╭──

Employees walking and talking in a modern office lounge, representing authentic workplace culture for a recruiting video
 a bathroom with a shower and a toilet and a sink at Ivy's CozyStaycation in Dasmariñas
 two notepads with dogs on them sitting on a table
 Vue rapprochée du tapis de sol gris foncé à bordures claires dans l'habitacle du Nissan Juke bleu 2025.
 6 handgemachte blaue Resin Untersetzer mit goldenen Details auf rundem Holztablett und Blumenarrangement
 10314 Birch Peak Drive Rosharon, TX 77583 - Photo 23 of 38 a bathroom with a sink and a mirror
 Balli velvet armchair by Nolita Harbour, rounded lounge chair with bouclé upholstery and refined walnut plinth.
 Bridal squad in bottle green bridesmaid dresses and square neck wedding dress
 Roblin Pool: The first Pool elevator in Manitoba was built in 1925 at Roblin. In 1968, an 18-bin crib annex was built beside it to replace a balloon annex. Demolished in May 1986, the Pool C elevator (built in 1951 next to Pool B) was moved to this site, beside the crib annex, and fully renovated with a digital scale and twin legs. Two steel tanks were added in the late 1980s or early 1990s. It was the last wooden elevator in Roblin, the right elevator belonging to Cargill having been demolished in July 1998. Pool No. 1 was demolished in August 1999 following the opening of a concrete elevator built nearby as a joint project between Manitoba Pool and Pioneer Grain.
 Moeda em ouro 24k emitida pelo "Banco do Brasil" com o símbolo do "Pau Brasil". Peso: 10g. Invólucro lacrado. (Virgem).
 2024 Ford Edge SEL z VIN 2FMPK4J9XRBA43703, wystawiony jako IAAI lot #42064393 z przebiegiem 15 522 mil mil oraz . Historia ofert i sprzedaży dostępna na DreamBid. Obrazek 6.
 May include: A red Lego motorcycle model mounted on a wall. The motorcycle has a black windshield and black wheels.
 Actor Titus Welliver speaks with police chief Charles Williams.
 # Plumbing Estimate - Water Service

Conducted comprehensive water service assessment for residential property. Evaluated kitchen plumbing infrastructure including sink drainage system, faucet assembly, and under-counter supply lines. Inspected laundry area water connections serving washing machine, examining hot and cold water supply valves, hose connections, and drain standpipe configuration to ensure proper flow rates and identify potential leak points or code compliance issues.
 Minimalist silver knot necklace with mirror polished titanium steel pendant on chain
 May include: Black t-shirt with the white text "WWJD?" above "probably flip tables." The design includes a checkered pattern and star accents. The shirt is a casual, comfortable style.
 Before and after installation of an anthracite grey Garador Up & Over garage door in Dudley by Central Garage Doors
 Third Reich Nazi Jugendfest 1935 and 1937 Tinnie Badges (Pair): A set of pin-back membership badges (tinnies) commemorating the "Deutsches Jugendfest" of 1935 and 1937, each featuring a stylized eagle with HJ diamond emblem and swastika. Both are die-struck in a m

╰──

WHAT TO PRODUCE →
The entire listing above should be returned exactly as written.

TASK ANSWER →
Employees walking and talking in a modern office lounge, representing authentic workplace culture for a recruiting video
 a bathroom with a shower and a toilet and a sink at Ivy's CozyStaycation in Dasmariñas
 two notepads with dogs on them sitting on a table
 Vue rapprochée du tapis de sol gris foncé à bordures claires dans l'habitacle du Nissan Juke bleu 2025.
 6 handgemachte blaue Resin Untersetzer mit goldenen Details auf rundem Holztablett und Blumenarrangement
 10314 Birch Peak Drive Rosharon, TX 77583 - Photo 23 of 38 a bathroom with a sink and a mirror
 Balli velvet armchair by Nolita Harbour, rounded lounge chair with bouclé upholstery and refined walnut plinth.
 Bridal squad in bottle green bridesmaid dresses and square neck wedding dress
 Roblin Pool: The first Pool elevator in Manitoba was built in 1925 at Roblin. In 1968, an 18-bin crib annex was built beside it to replace a balloon annex. Demolished in May 1986, the Pool C elevator (built in 1951 next to Pool B) was moved to this site, beside the crib annex, and fully renovated with a digital scale and twin legs. Two steel tanks were added in the late 1980s or early 1990s. It was the last wooden elevator in Roblin, the right elevator belonging to Cargill having been demolished in July 1998. Pool No. 1 was demolished in August 1999 following the opening of a concrete elevator built nearby as a joint project between Manitoba Pool and Pioneer Grain.
 Moeda em ouro 24k emitida pelo "Banco do Brasil" com o símbolo do "Pau Brasil". Peso: 10g. Invólucro lacrado. (Virgem).
 2024 Ford Edge SEL z VIN 2FMPK4J9XRBA43703, wystawiony jako IAAI lot #42064393 z przebiegiem 15 522 mil mil oraz . Historia ofert i sprzedaży dostępna na DreamBid. Obrazek 6.
 May include: A red Lego motorcycle model mounted on a wall. The motorcycle has a black windshield and black wheels.
 Actor Titus Welliver speaks with police chief Charles Williams.
 # Plumbing Estimate - Water Service

Conducted comprehensive water service assessment for residential property. Evaluated kitchen plumbing infrastructure including sink drainage system, faucet assembly, and under-counter supply lines. Inspected laundry area water connections serving washing machine, examining hot and cold water supply valves, hose connections, and drain standpipe configuration to ensure proper flow rates and identify potential leak points or code compliance issues.
 Minimalist silver knot necklace with mirror polished titanium steel pendant on chain
 May include: Black t-shirt with the white text "WWJD?" above "probably flip tables." The design includes a checkered pattern and star accents. The shirt is a casual, comfortable style.
 Before and after installation of an anthracite grey Garador Up & Over garage door in Dudley by Central Garage Doors
 Third Reich Nazi Jugendfest 1935 and 1937 Tinnie Badges (Pair): A set of pin-back membership badges (tinnies) commemorating the "Deutsches Jugendfest" of 1935 and 1937, each featuring a stylized eagle with HJ diamond emblem and swastika. Both are die-struck in a m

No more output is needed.